Filed under: Dan Sonnett, DC, Environment, Film Festivals, Online Video, PBS, Second Life, SMG News, Wildlife
I had a wonderful time at this year’s Silverdocs documentary film festival and conference, which ran from June 12 through June 17 in Silver Spring, Maryland. It’s always very encouraging to see the local audience’s enthusiasm for documentaries (the weekend screenings I attended were nearly also sold out) and to connect with movers and shakers from the wide world of factual filmmaking.

The Films
I made a concerted effort to pack in as many films as I could this year. I managed to get in 12 in 5 days. Here are the 10 word or less summaries of the films I was able to see:
“Anderman” (director: Jaap van Heusden)
Caring for his mother with alzheimer’s, man loose his mind.
“Artic Tale” (directors: Adam Ravetch & Sarah Robertson)
The lords of the Artic kingdom are on thin ice.
“The First Sunday in May” (directors: John Hennegan & Brad Hennegan”
Trainers dream of Kentucky Derby while chasing ill-fated Barbaro.
“Lot 63, Grave C” (director: Sam Green)
Murdered Rolling Stone’s fan’s absent tombstone gathers no moss.
“No End in Sight” (director: Charles Ferguson)
Iraq war planners drive off cliff, Bush sleeps at wheel.

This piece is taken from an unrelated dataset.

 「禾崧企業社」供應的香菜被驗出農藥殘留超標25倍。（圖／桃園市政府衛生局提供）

“Note by Note: The Making of Steinway L1037” (director: Ben Niles) Handmade instruments created with skillful tenderness for loving, finicky pianists.

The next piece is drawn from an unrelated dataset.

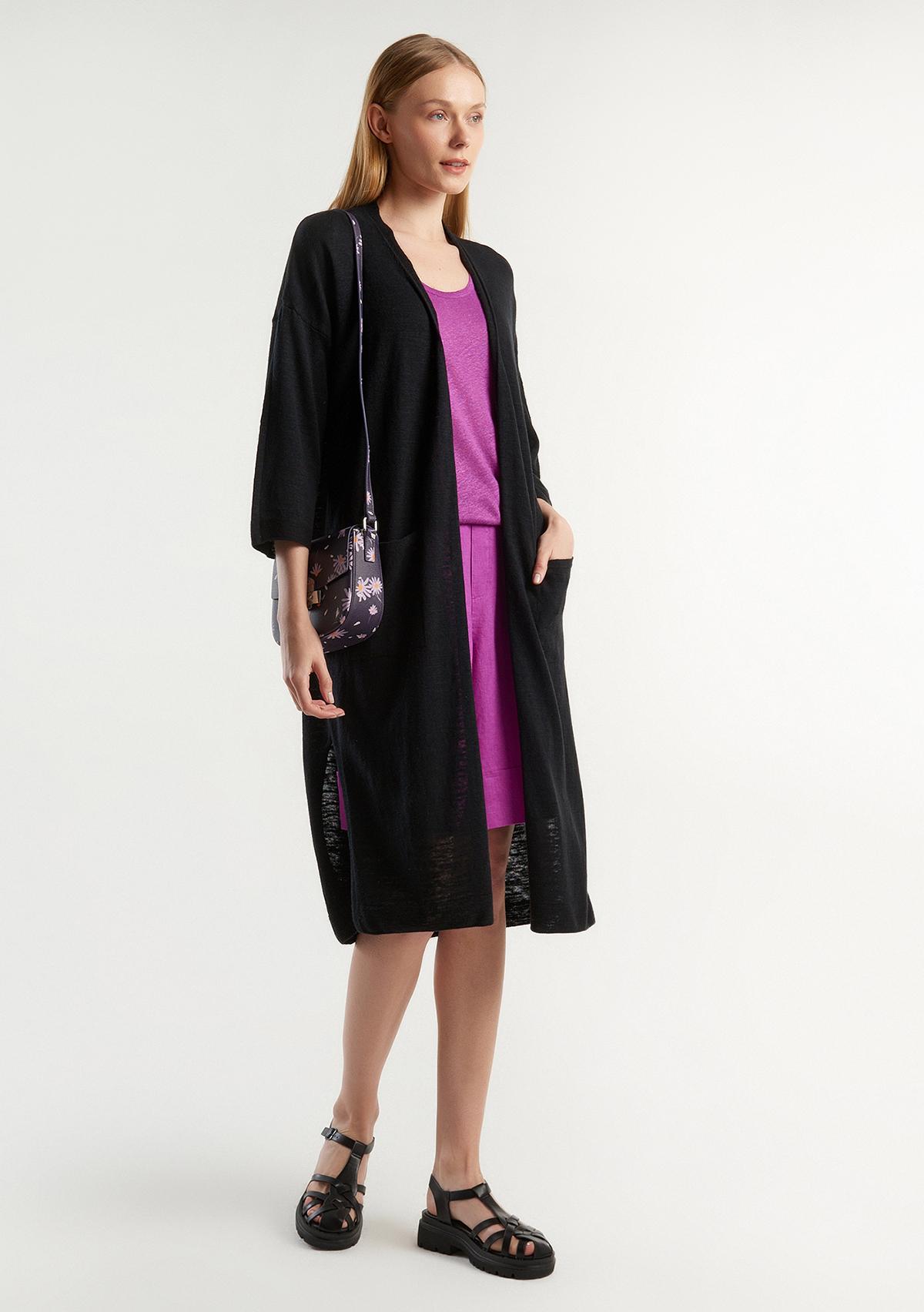 Kadın Siyah Pamuk Keten Karışımlı Yırtmaçlı Uzun Hırka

“Pete Seegar: The Power of Song” (director: Jim Brown)
This film surrounds hate and forces it to surrender, peacefully.
“Please Vote for Me” (director: Weijun Chen)
Chinese third-graders learn democracy is far from child’s play.
“A Son’s Sacrifice” (director: Yoni Brook)
Half-Pakistani man cuts new path as a Muslim slaughterer.
“Souvenirs” (directors Shahar Cohen & Halil Efrat)
Son directs father back to buried past as a Liberator.
“Voyage in G Major” (director: Georgi Lazarevski)
French violinist explores his 90 years of regrets in Morocco.
The Conference
My week started with the Inside Discover conference session, held in the Discovery HD Theater, deep inside the Discovery Channel’s imposing headquarters. The session, moderated by television production guru Mat Tombers, featured a range of “go to” production companies for the Discovery networks talking about their experiences inside the beast. Mary Donahue, VP of Creative Content and Talent, was in the hot seat for Discovery and charmed the crowd of mostly independent producers while tossing cold water on their dreams of having their independent visions showcased by the media giant. Allusions to Discovery’s recent reorganization were mostly positive as several panelists noted hopefully on the streamlined bureaucracy.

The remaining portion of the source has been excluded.